Durante sete semanas, os jurados ouviram suas transmissões e seu testemunho, incluindo sobre o amor por Koischwitz, o homem que ela disse tê-la convencido a se tornar Axis Sally.

"Acredito que as pessoas são o resultado de outros seres humanos que estiveram em suas vidas."

"E acredito que sem a presença do professor Koischwitz na minha vida eu não estaria lutando pela minha vida hoje. E acho que é muito difícil para uma pessoa que nunca esteve nessa posição ser capaz de entender isso. Não se podia sair por aí dizendo que não quero fazer isso e não quero fazer aquilo."

Mas sua ruína não foram os programas semanais, mas sim uma peça escrita por Koischwitz chamada Visão de Invasão.

Gillard interpretou uma mãe americana cujo filho morre quando o navio aliado afunda no Canal da Mancha. A promotoria chamou isso de ato de traição.

Ela negou ter traído seu país, embora tenha jurado lealdade a Hitler.

Finalmente, em março de 1949, após 29 horas de deliberação, o júri considerou-a culpada.

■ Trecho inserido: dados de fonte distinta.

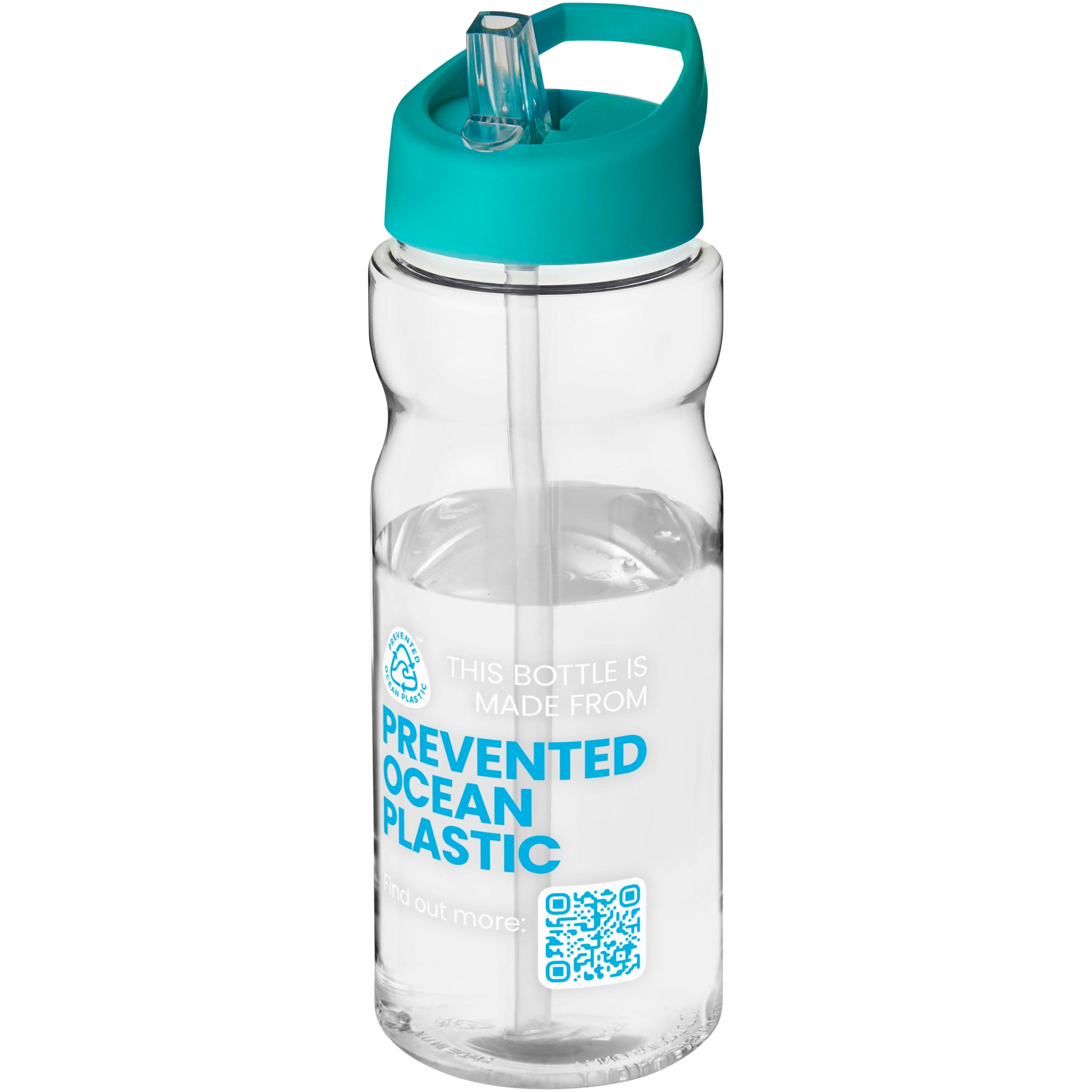 H2O Active Eco Spout Lid Drinks Bottle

A propagandista de rádio nazista tornou-se a primeira mulher na história moderna a ser condenada por traição.

Ela enfrentava pena máxima de morte, mas acabou condenada a entre 10 e 30 anos de prisão.

Ao ser libertada, após 12 anos, falou a repórteres.

"Quando fiz os programas, pensei que estava fazendo a coisa certa. Faria de novo? Certamente, com os mesmos conhecimentos e nas mesmas circunstâncias."

"Afinal, eu era locutora profissional na Alemanha quando os EUA entraram na guerra. Era o meu trabalho. Além disso, eu estava muito apaixonada por um alemão e esperava me casar com ele. Naquele momento, senti que poderia amar os EUA e continuar servindo à Berlin Broadcasting Corporation."

Depois de uma década atrás das grades, ele permaneceu sem remorso. Mas ela estava amargurada?

"Eu não diria exatamente amargurada. Simplesmente não sou o tipo de pessoa que fica amargurada. Se fosse, minha amargura pela injustiça e perjúrio que sofri já teria me destruído."

Mildred Gillard passou os últimos anos de sua vida ensinando em um convento americano e morreu em 1988.